Publications can be found here.

omnizart.music.inference.norm_onset_dura(pred, onset_th, dura_th, interpolate=True, normalize=True)¶: Normalizes prediction values of onset and duration channel.

omnizart.music.inference.norm_split_onset_dura(pred, onset_th, lower_onset_th, split_bound, dura_th, interpolate=True, normalize=True)¶

An advanced version of function for normalizing onset and duration channel.

From the extensive experiments, we observe that the average prediction value for high and low frequency are different. Lower pitches tend to have smaller values, while higher pitches having larger. To acheive better transcription results, the most straight-forward solution is to assign different thresholds for low and high frequency part. And this is what this function provides for the purpose.

Parameters

pred: The predictions.
onset_th: float: Threshold for high frequency part.
lower_onset_th: float: Threshold for low frequency part.
split_bound: int: The split point of low and high frequency part. Value should be within 0~87.
interpolate: bool: Whether to apply interpolation between each frame to increase time resolution.
normalize: bool: Whether to normalize the prediction values.

Returns

pred: Thresholded prediction, having value either 0 or 1.

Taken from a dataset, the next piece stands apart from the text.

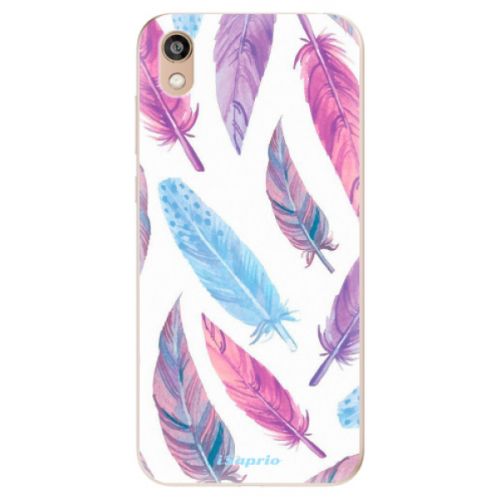 Odolné silikónové puzdro iSaprio - Feather Pattern 10 - Huawei Honor 8S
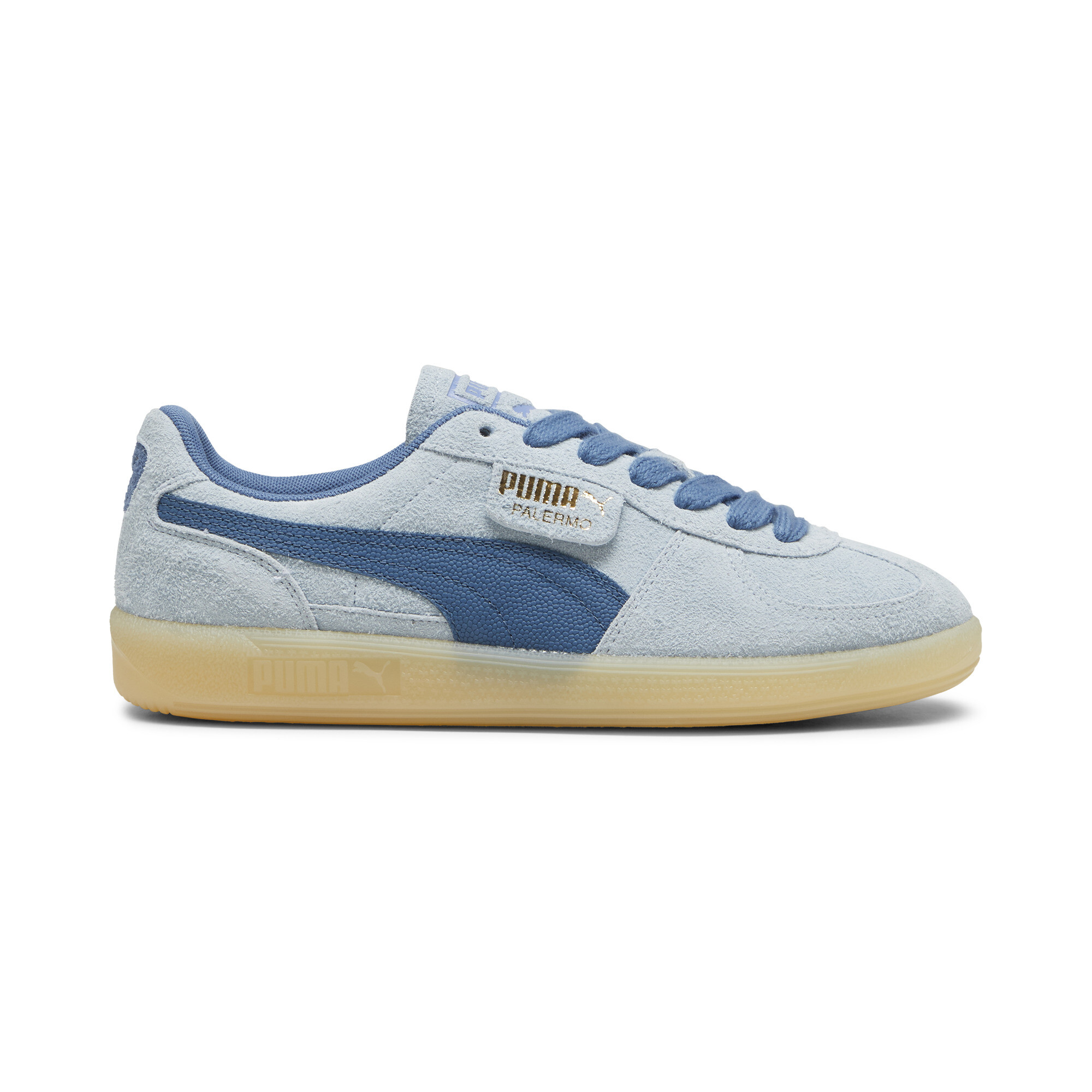 Puma Palermo Hairy Sneakers, Blue, Size 45, Shoes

omnizart.music.inference.roll_down_sample(data, base=88)¶

Down sample feature size for a single pitch.

Down sample the feature size from 354 to 88 for infering the notes.

Parameters

data: 2D numpy array: The thresholded 2D prediction..
base: Should be constant as there are 88 pitches on the piano.

Returns

return_v: 2D numpy array: Down sampled prediction.

Warning

The parameter data should be thresholded!

omnizart.music.inference.threshold_type_converter(threshold, length)¶: Convert scalar value to a list with the same value.

omnizart.music.inference.to_midi(notes, t_unit=0.02)¶: Translate the intermediate data into final output MIDI file.

Loss Functions¶

Loss functions for Music module.

omnizart.music.losses.focal_loss(target_tensor, prediction_tensor, weights=None, alpha=0.25, gamma=2)¶

Compute focal loss for predictions.

Multi-labels Focal loss formula:

\[FL = -\alpha * (z-p)^\gamma * \log{(p)} -(1-\alpha) * p^\gamma * \log{(1-p)}\]

Which \(\alpha\) = 0.25, \(\gamma\) = 2, p = sigmoid(x), z = target_tensor.

Parameters

prediction_tensor: A float tensor of shape [batch_size, num_anchors, num_classes] representing the predicted logits for each class.
target_tensor:: A float tensor of shape [batch_size, num_anchors, num_classes] representing one-hot encoded classification targets.
weights: A float tensor of shape [batch_size, num_anchors].
alpha: A scalar tensor for focal loss alpha hyper-parameter.
gamma: A scalar tensor for focal loss gamma hyper-parameter.

Returns

loss: A scalar tensor representing the value of the loss function

omnizart.music.losses.smooth_loss(y_true, y_pred, gamma=0.15, total_chs=22, weight=None)¶: Function to compute loss after applying label-smoothing.

Labels¶

class omnizart.music.labels.BaseLabelExtraction¶

Base class for extract label informations.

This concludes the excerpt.